● TASK ITEM
An exact repetition of the data below, without images, is the expected answer.

DATASET EXTRACT section start

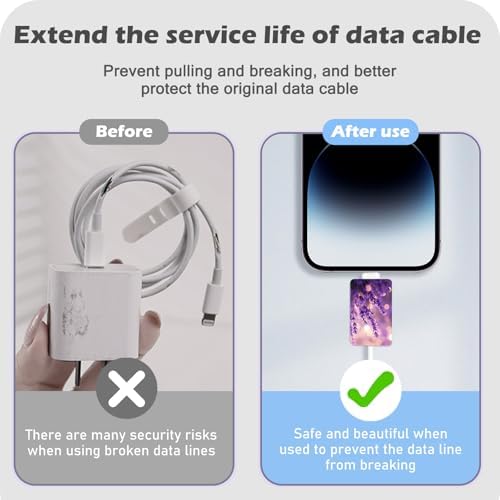 CameCosy Cable Protector for iPhone Type-c Charger, Lavender/White Blue Roses/Cherry Blossoms Pattern 4PCS Phone Charger Protector,Charging Cord Protector,Cable Chomper,Charger Case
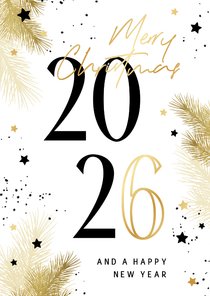 Zakelijke kerstkaart 2026 zwart-wit met takjes en sterren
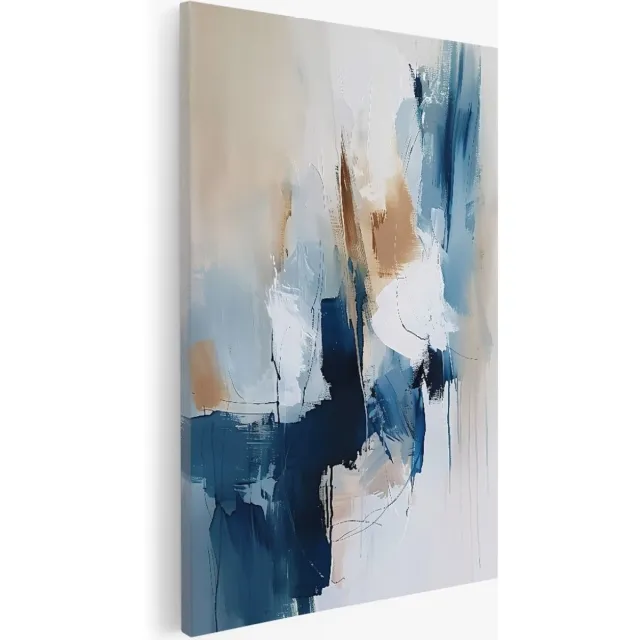 Saammp Canvas Schilderij - Abstract - Kunst - Penseelvegen - 50x70 - Foto op canvas - Wanddecoratie - Muurdecoratie Woonkamer - Slaapkamer decoratie - Canvas Print Multicolor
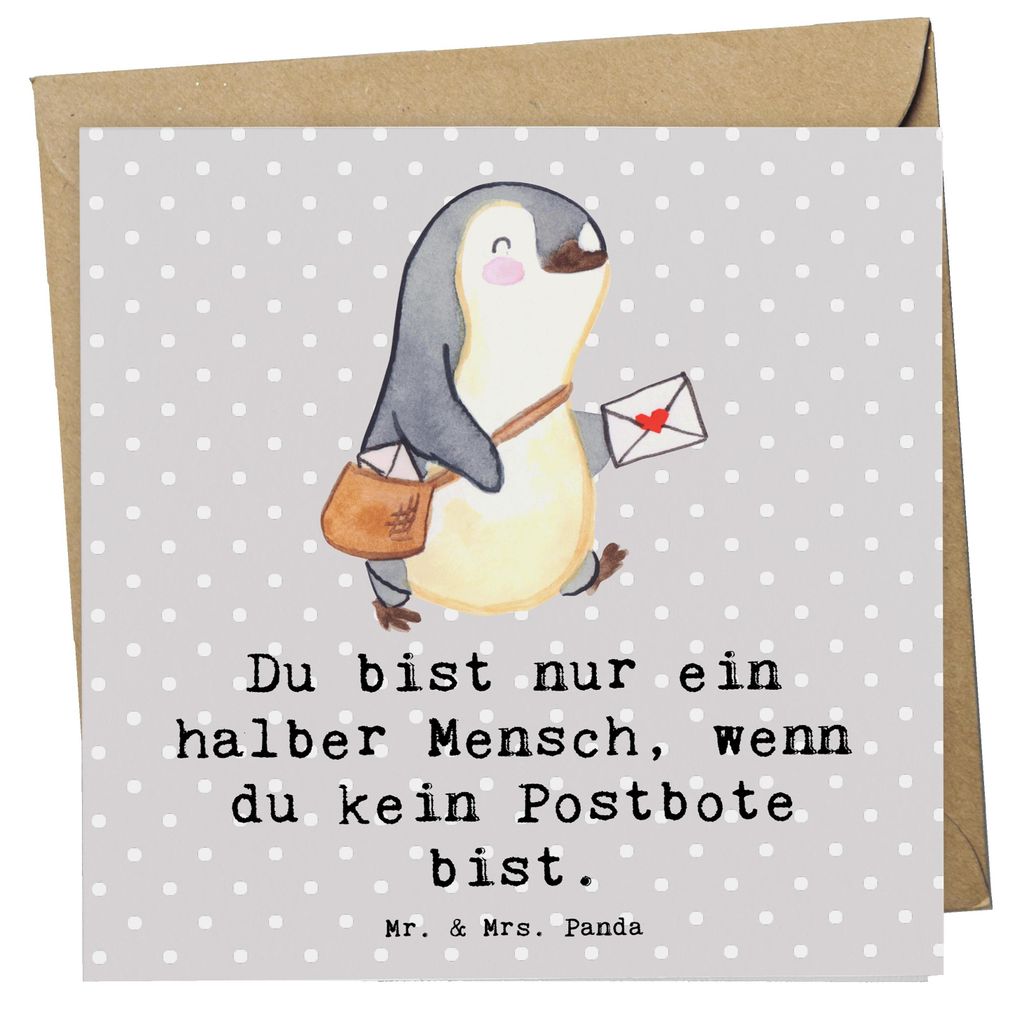 Mr. & Mrs. Panda Grußkarte Postbote Herz - Grau Pastell - Geschenk, anlasskarte, Briefträger, Briefzusteller, doppelkarte, Klappkarte, Glückwuns...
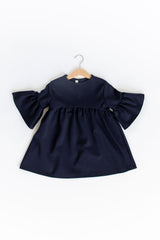 MINI - Navy - Ruffle Bell Dress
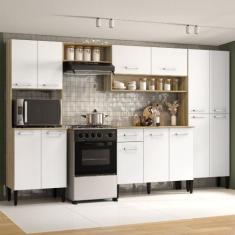 Cozinha Completa Arizona Plus com Armário e Balcão Carraro, Carvalho/B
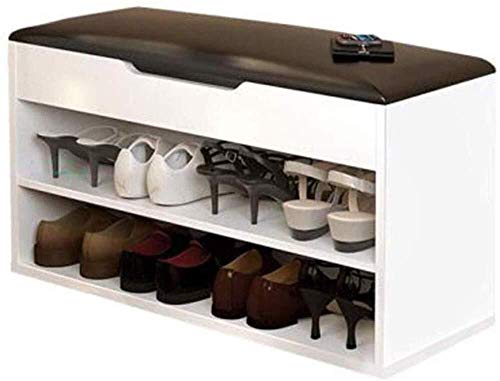 YANG Shoe Imbottito Poggiapiedi Ottomana Bagagli Petto Guardaroba Multifunzionale in Pelle PU Change Wooden Shoe Bench Rack Carico 250kg (Color : Light, Size : 80x30x45cm)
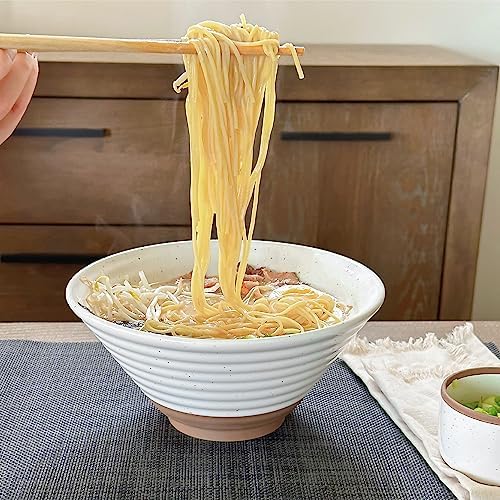 MORA Ceramic Ramen Bowl Set of 2, 45oz - Great for Pho, Miso Udon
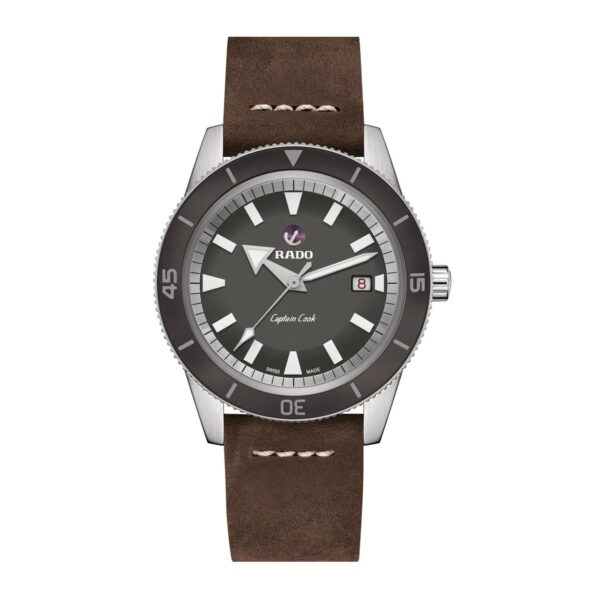 Captain Cook Automatic Brown Leather Strap 42mm Mens Watch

DATASET EXTRACT section end

● OUTPUT
 CameCosy Cable Protector for iPhone Type-c Charger, Lavender/White Blue Roses/Cherry Blossoms Pattern 4PCS Phone Charger Protector,Charging Cord Protector,Cable Chomper,Charger Case
 Zakelijke kerstkaart 2026 zwart-wit met takjes en sterren
 Saammp Canvas Schilderij - Abstract - Kunst - Penseelvegen - 50x70 - Foto op canvas - Wanddecoratie - Muurdecoratie Woonkamer - Slaapkamer decoratie - Canvas Print Multicolor
 Mr. & Mrs. Panda Grußkarte Postbote Herz - Grau Pastell - Geschenk, anlasskarte, Briefträger, Briefzusteller, doppelkarte, Klappkarte, Glückwuns...
 MINI - Navy - Ruffle Bell Dress
 Cozinha Completa Arizona Plus com Armário e Balcão Carraro, Carvalho/B
 YANG Shoe Imbottito Poggiapiedi Ottomana Bagagli Petto Guardaroba Multifunzionale in Pelle PU Change Wooden Shoe Bench Rack Carico 250kg (Color : Light, Size : 80x30x45cm)
 MORA Ceramic Ramen Bowl Set of 2, 45oz - Great for Pho, Miso Udon
 Captain Cook Automatic Brown Leather Strap 42mm Mens Watch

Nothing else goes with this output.